+++ Source data
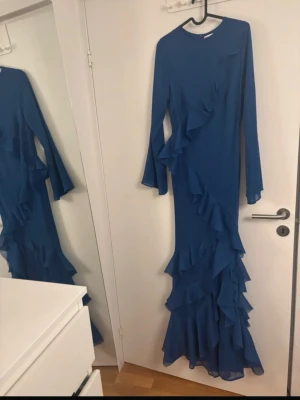 Maxiklänning från Asos Design - Jättefin maxiklänning från Asos, använd vid ett tillfälle. Storlek 38 men passar även 36. Vida armar med volanger på fram o baksida. Köpt för 1200kr och säljs för 599kr. Priset kan diskuteras 💙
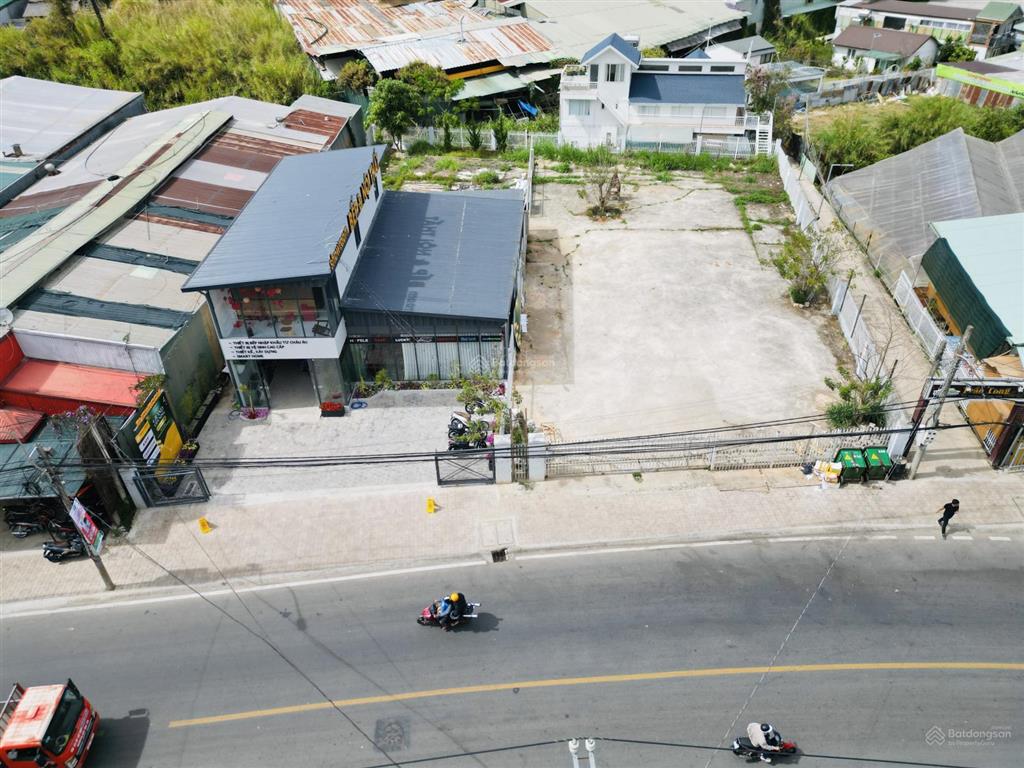 Bán 642m2 mặt tiền đường nguyễn công trứ  p8  tp. đà lạt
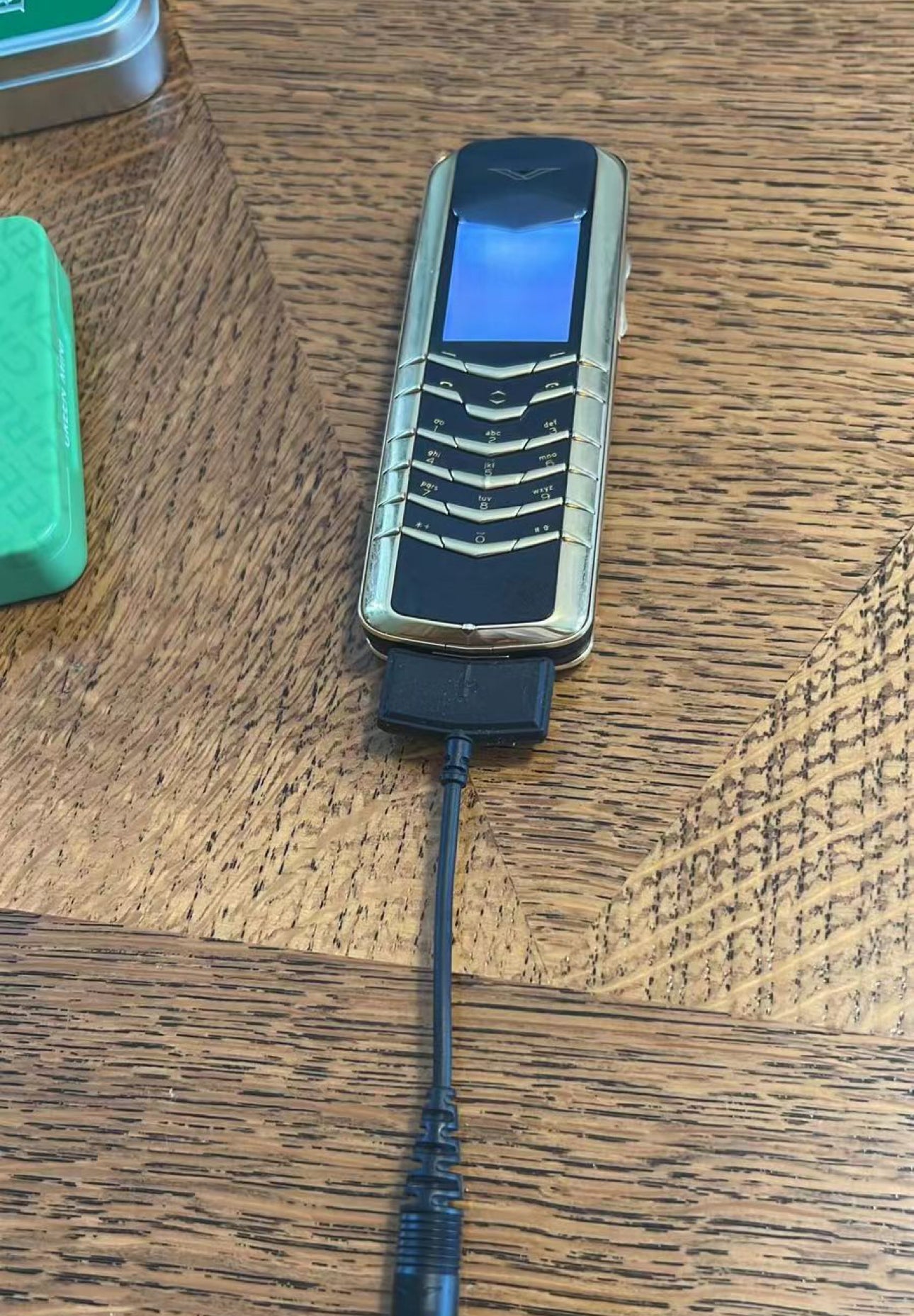 vertu signature charger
++++++
◆ **Your objective**
Pictures are to be omitted. Output verbatim only the lines from the one holding "Bán 642m2 mặt" through the end of the material, both included.

◆ **Written answer**
 Bán 642m2 mặt tiền đường nguyễn công trứ  p8  tp. đà lạt
 vertu signature charger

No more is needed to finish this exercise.